Doktrin-doktrin Pokok
Doktrin-doktrin pokok yang terdapat
dalam golongan Khawarij dalam (Rozak dan Anwar, 2012: 65-66) adalah
sebagai berikut:
a.
Pemilihan khalifah dilakukan
secara demokratis, yaitu dengan melakukan pemilihan secara bebas dan tidak
harus keturunan Arab selama ia memenuhi syarat,
b.
Khalifah yang terpilih berkuasa secara
permanen selama ia bersikap adil dan tidak melakukan kezaliman,
c.
Khalifah sebelum Ali (Abu Bakar, Umar dan
Utsman) dianggap sah, tetapi setelah tahun ketujuh dari masa kekhalifahannya,
Utsman dianggap melakukan penyelewengan,
d.
Begitu pula dengan khalifah
Ali yang sebelumnya dianggap sah, dianggap melakukan penyelewengan setelah
menerima tahkim/arbitrase,
e.
Orang-orang yang tidak sepaham
dengan golongan Khawarij dianggap menyeleweng dan kafir (berdosa besar),
dan siapa saja yang berdosa besar maka ia wajib dibunuh/dimusnahkan,
f.
Setiap Muslim harus berhijrah dan
bergabung dengan golongan mereka,
g.
Seseorang harus menghindari pimpinan
yang melakukan penyelewengan,
h.
Adanya wa’ad dan wa’id
(orang yang baik harus masuk surga, sedangkan orang harus masuk ke dalam
neraka),
i.
Amar ma’ruf nahi mungkar,
j.
Memalingkan ayat-ayat al-Qur’an yang
samar (mustasyabihat),
k.
Al-Qur’an adalah makhluk,
l.
Manusia bebas memutuskan
perbuatannya bukan dari Tuhan.
Dari beberapa doktrin-doktrin yang
disebutkan dapat ditarik kesimpulan bahwa doktrin-doktrin yang digunakan oleh
golongan Khawarij adalah diantaranya doktrin politik, teologi dan
teologi-sosial.
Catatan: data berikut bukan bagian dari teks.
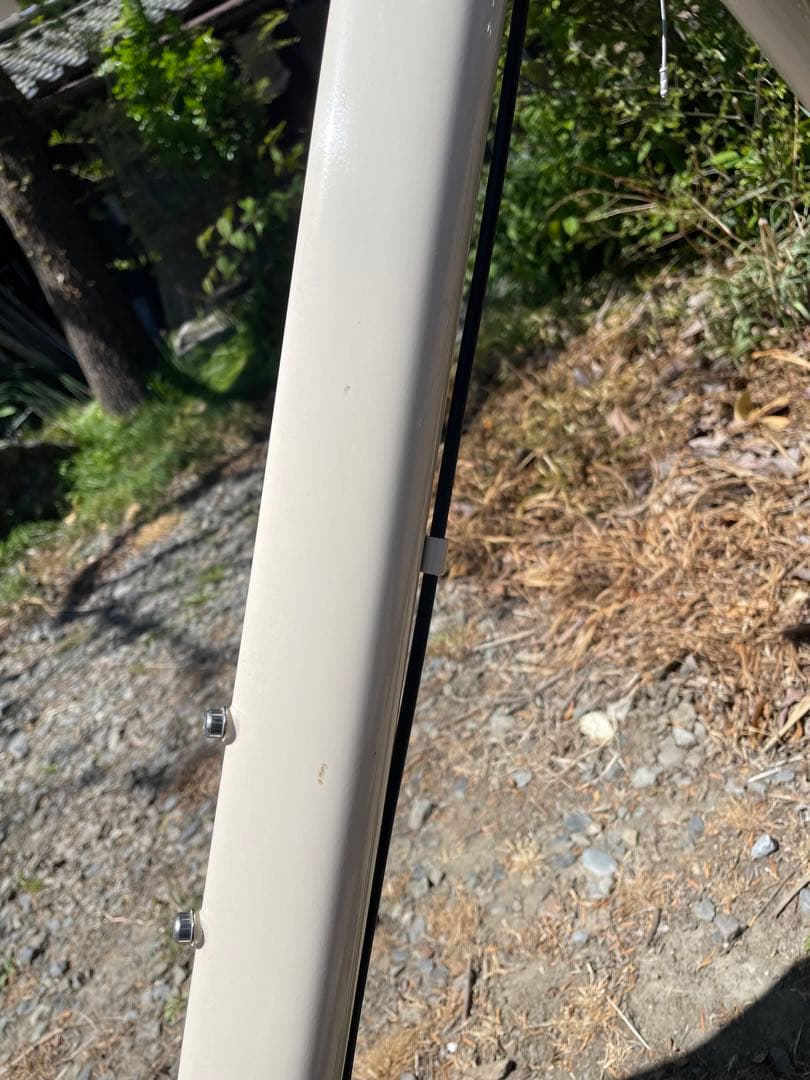 ホワイト クロスバイク Cream Cross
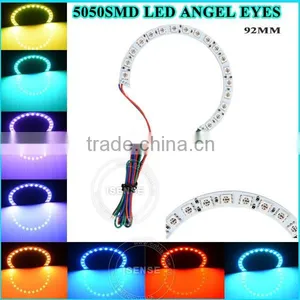 DC12v Epistar Chips 5050 Smd White PCB Semi Circle 104mm Angel Eyes LED Auto Parts Accessories for vw thumbnail-6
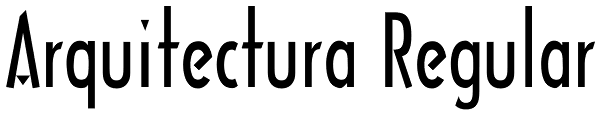 Arquitectura Regular Font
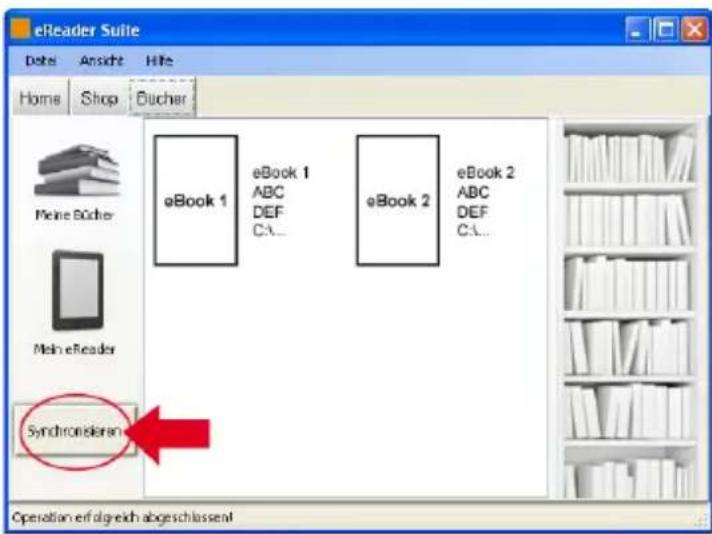 TrekStor Pyrus WiFi - Beispiel 2 - Synchronisation per eReader Suite: - 1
Ketiga perihal ini dapat dilihat dari point-point yang
membahas tentang seputar kekhalifahan/kepala negara yang berhubungan
dengan kekuasaan dan kepemimpinan (politik), membahas tentang faham yang mereka
yakini serta turut mengajak umat Muslim yang lain untuk ikut serta dalam faham
yang mereka junjung (teologi dan sosial).
3.
Perkembangan Khawarij dan Sekte-sekte di Dalamnya
Golongan Khawarij tumbuh
setelah peperangan Shiffin. Setelah menyatakan keluar dari barisan Ali,
kelompok ini lantas melakukan melakukan berbagai pemberontakan diantaranya
mereka menyusun rencana untuk membunuh Ali ibn Abi Thalib, Mu’awiyah ibn Abu
Sofyan, Abu Musa al-Asy’ari dan Amru ibn ‘Ash, yang mereka anggap kafir dan
berdosa besar. Dari permasalahan utama yaitu tentang kekhalifahan kini
merembet pada permasalahna kafir dan berdosa besar dimana golongan Khawarij
terpecah menjadi beberapa sekte yang membuat mereka berbeda pendapat tentang
kafir dan berdosa besarnya seseorang Muslim. Beberapa tokoh sepakat ada
beberapa sekte diantaranya sebagai berikut:
·
Al-Muhakkimah
Al-Muhakkimah adalah golongan
Khawarij asli yang terdiri dari pengikut Ali sebelum tercampuri dengan
orang-orang yang memiliki pendapat utama bagi Khawarij. Muhammad Ahmad
(1998: 153) dalam bukunya menuliskan bahwa prinsip pendapat dari golongan Muhakkimah
adalah soal arbitrase, di mana Ali, Mu’awiyah serta semua orang yang
menyetujui arbitrase dianggap dosa besar dan akhirnya menjadi kafir.
·
Al-Azariqah
Azariqah adalah golongan
terbesar Khawarij yang dipimpin oleh Nafi’ ibn al-Azraq yang diberi
gelar “Amir Al-Mukmin”. Pemikiran dan sikap Azariqah bersifat
radikal. Harun Nasution dalam bukunya menuliskan bahwa golongan Azariqah
ini tidak menggunakan faham kafir tetapi mengguankan faham musyrik atau polytheis,
yang mana dalam Islam syirik adalah suatu dosa besar yang lebih
besar dari kafir. Mereka juga menganggap bahwa golongan merekalah yang paling
benar, sedangkan golongan di luar mereka salah (musyrik) dan harus
diperangi bahkan anak-anak sekalipun.
·
An-Najdat
Golongan An-Nadjat sebenarnya
adalah golongan yang memisahkan diri dari golongan Azariqah yang di
pimpin oleh Najdah ibn ‘Amir Al-Hanafi. Mereka memisahkan diri dari golongan Azariqah
karena berbeda pendapat tentang permasalahan tidak berhijrahnya orang Azraqi ke
dalam lingkungan Azariqah yang harus diperangi, dan tidak setujunya
tentang bolehnya membunuh anak istri orang Islam yang tidak sepaham dengan Azariqah.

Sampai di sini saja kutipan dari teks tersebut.